ZeroMemory(&di, sizeof(di));
di.cbSize = sizeof(di);
di.lpszDocName = szFileName; // name of the file you are printing.
// this will appear in the print manager
if(StartDoc(pd.hDC, &di) > 0)
{
for(iColCopy = 0; iColCopy < ((pd.Flags & PD_COLLATE) ? pd.nCopies : 1); iColCopy++)
{
for(iPage = 0; iPage < iTotalPages; iPage++)
{
for(iNonColCopy = 0; iNonColCopy < ((pd.Flags & PD_COLLATE) ? 1 : pd.nCopies); iNonColCopy++)
{
HANDLE hold;
if(StartPage(pd.hDC) < 0)
{
bSuccess = FALSE;
break;
}
// Make all printing be offset by the amount specified for the margins
SetViewportOrgEx(pd.hDC, iLeftAdjust, iTopAdjust, NULL);
// select the fixed-width font into the printer DC
hold = SelectObject(pd.hDC, hfont);
//print the current file line by line
for(iLine = 0; iLine < iLinesPerPage; iLine++)
{
char szBuffer[200];
iLineNum = iLinesPerPage * iPage + iLine;
if(iLineNum > iTotalLines) break;
//get line (iLine) from the application, and store it
//into szBuffer
//output a line of text to the printer
TextOut(pd.hDC, 0, yChar * iLine + iHeaderHeight, szBuffer,
lstrlen(szBuffer) - 2);
bUserAbort = !QueryAbort();
}
SelectObject(pd.hDC, hold);
if(EndPage(pd.hDC) < 0)
{
bSuccess = FALSE;
break;
}
bUserAbort = !QueryAbort();
if(bUserAbort) break;
}
if(!bSuccess || bUserAbort) break;
}
if(!bSuccess || bUserAbort) break;
}
}
else
{
bSuccess = FALSE;
}
The code above looks pretty complicated because of all the nested for
loops.

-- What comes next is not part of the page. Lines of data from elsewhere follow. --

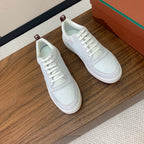 L-Sneakers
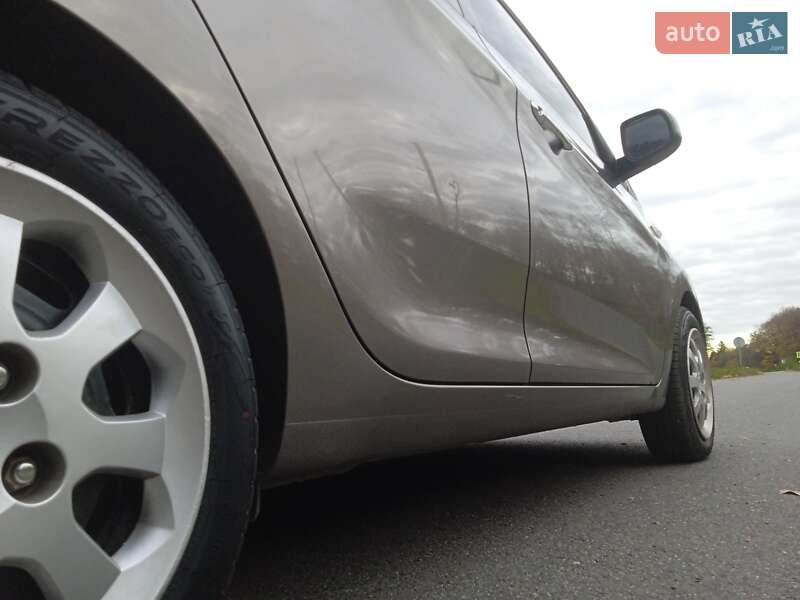 Хетчбек Kia Picanto 2011 в Красилові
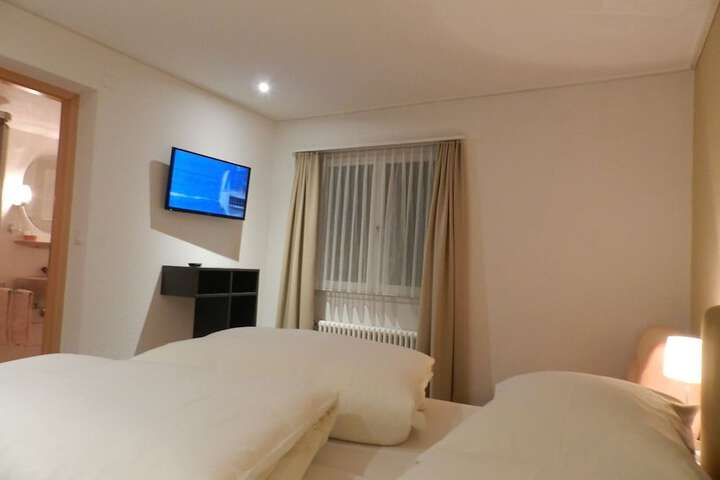 Room 6 of 62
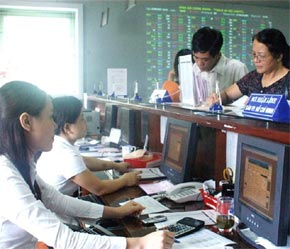 Sàn Tp.HCM đã tăng điểm trở lại nhưng nhiều cổ phiếu chủ chốt vẫn đang ngoài cuộc.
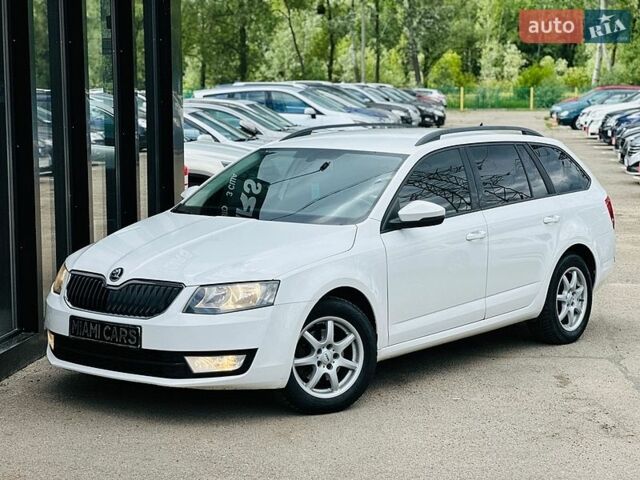Белый Шкода Октавия, объемом двигателя 1.6 л и пробегом 180 тыс. км за 9700 $, фото 1 на Automoto.ua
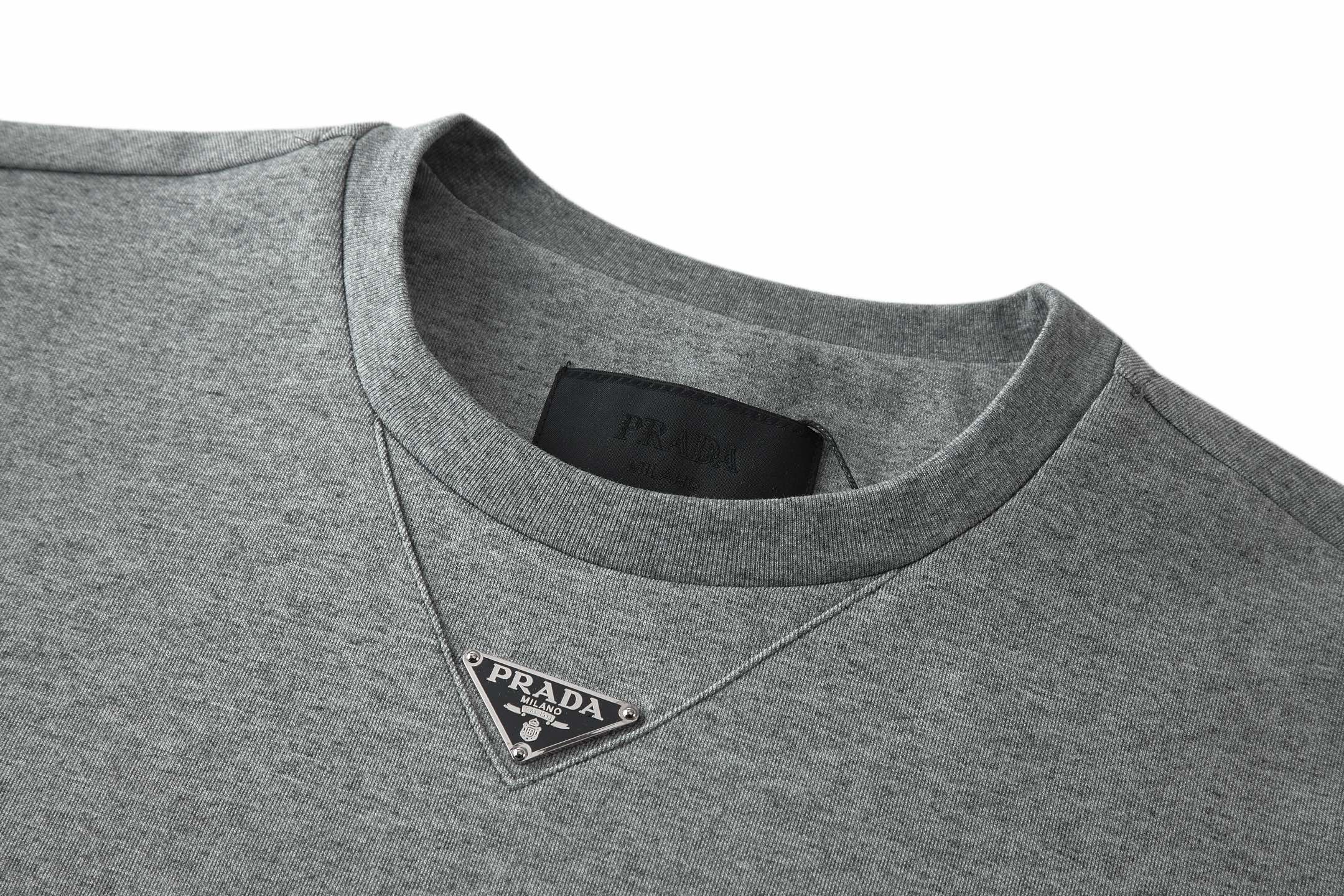 PRADA 普拉达 新领口钢标 圆领 夏季 短袖 T恤  白色 蓝色 黑色 绿色 灰色-A5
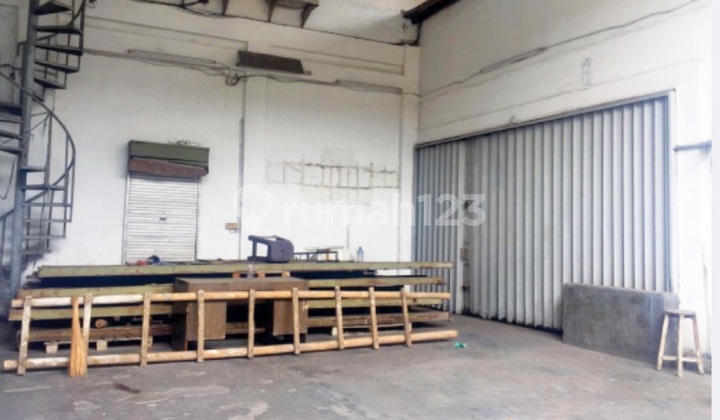 Gudang Kamal Muara Penjaringan Siap Pakai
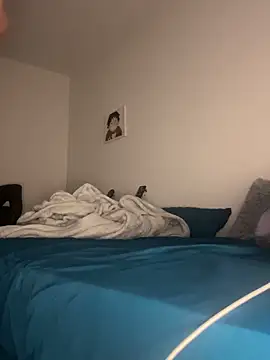 Snapshot of Ryan_12xX chatting on December 15, 2025, 10:15 pm Ryan 12xX online show from December 15, 2025, 10:15 pm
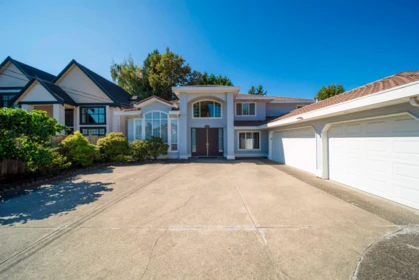 10791 Southdale Road, Richmond, BC, Richmond — Single Family Residence for sale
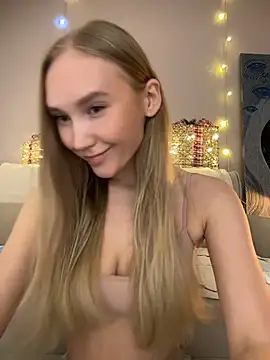 Snapshot of MariaTull chatting on 12.16.25 MariaTull online show from 12.16.25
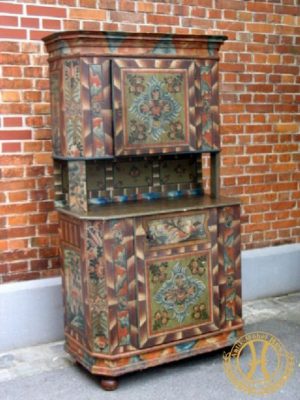 Bemalter Aufsatzkasten, Österreich um 1915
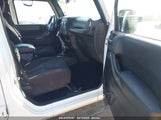 JEEP WRANGLER UNLIMITED SPORT 1C4BJWDG2EL100591 fotografie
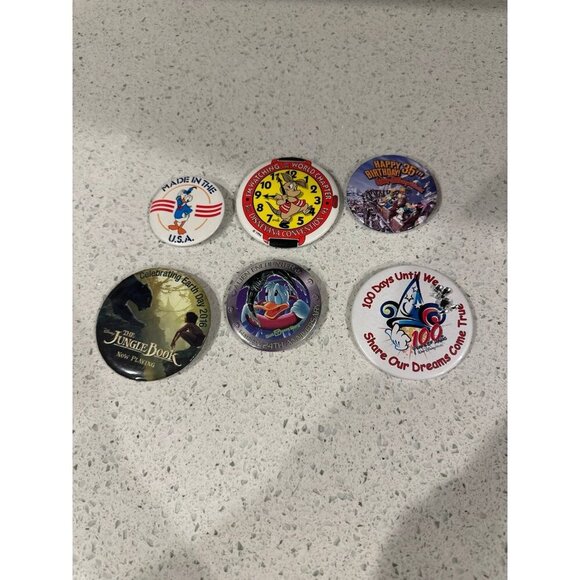Disney‎ button pin bundle - Picture 1 of 7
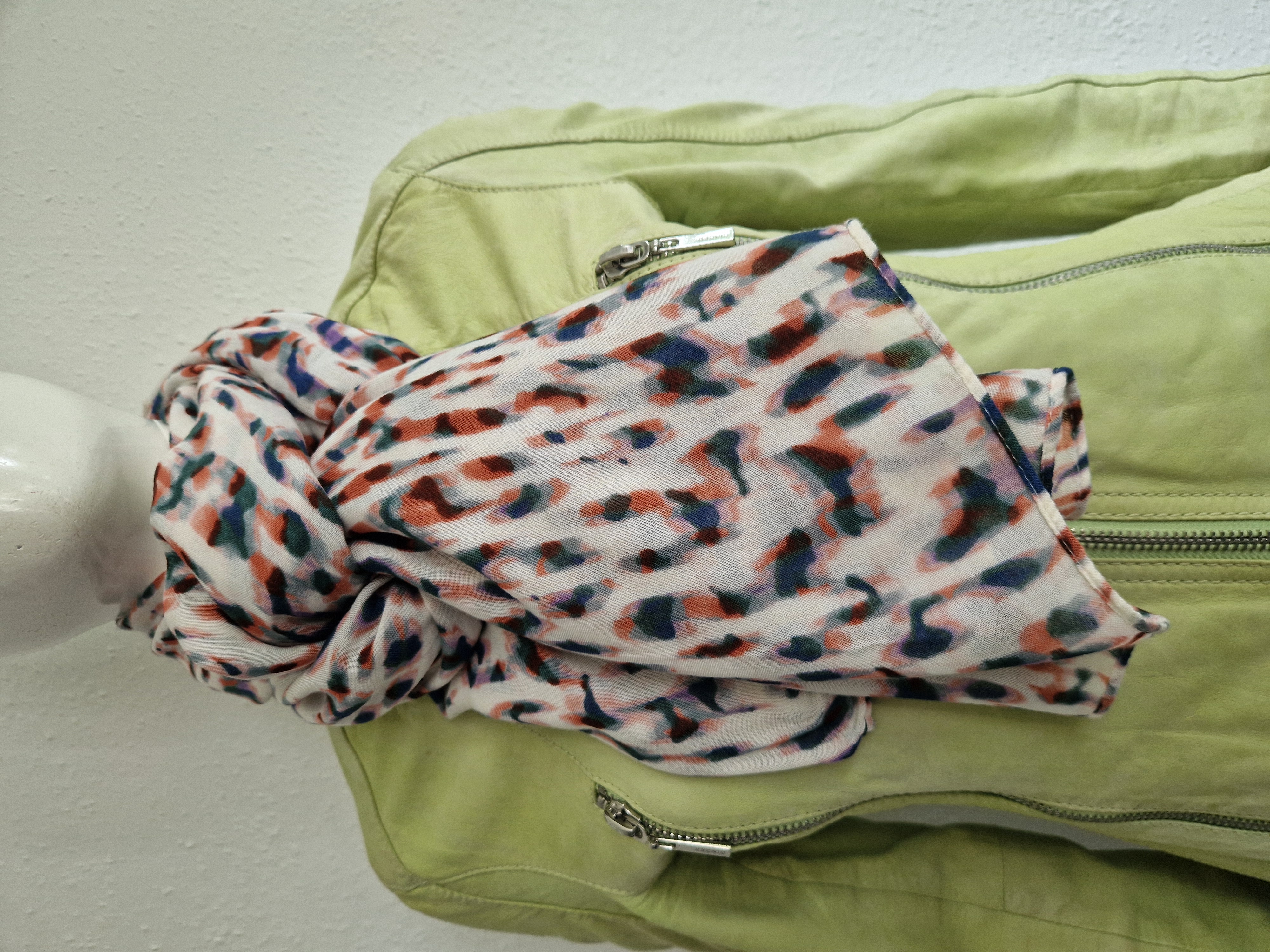 Sandwich shawl. All over print.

The printing is structured like this to take into account two important factors. The user may have selected to print out multiple copies of the same document, and might have also selected to collate (collect) pages together as well. The for-loops take care of these situations.
Cancelling Printing
What happens if the user want to cancel printing half-way through? This is what the QueryAbort
function does. It runs its own message loop and detects if the user presses the Escape key.
UINT CALLBACK ab(size_w pos, size_w len)
{
MSG msg;
BOOL bAbort = FALSE;
while(!bAbort && PeekMessage(&msg, 0, 0, 0, PM_REMOVE))
{
TranslateMessage(&msg);
switch(msg.message)
{
case WM_QUIT:
PostQuitMessage(0);
bAbort = TRUE;
break;
case WM_KEYDOWN:
if(msg.wParam == VK_ESCAPE)
{
bAbort = QueryAbortDlg();
continue;
}
break;
case WM_LBUTTONDOWN: case WM_RBUTTONDOWN: case WM_MBUTTONDOWN:
bAbort = QueryAbortDlg();
continue;
}
DispatchMessage(&msg);
}
return !bAbort;
}
Cleaning Up
After the document has been printed (or printing cancelled), then we need to release the printer device context. We also need to commit the document to the printer spooler, or cancel the document if the user aborted for some reason.
if(bSuccess && !bUserAbort)
EndDoc(pd.hDC);
else
AbortDoc(pd.hDC);
DeleteDC(pd.hDC);
Conclusion
Well, I never said it was going to be easy. I ran out of steam at the end so I havn’t described the actual printing process very well. For now I’d refer to Charles Petzold’s book “Programming Windows 5th Ed”. Maybe someday I’ll update this tutorial, but for now this is how it stands.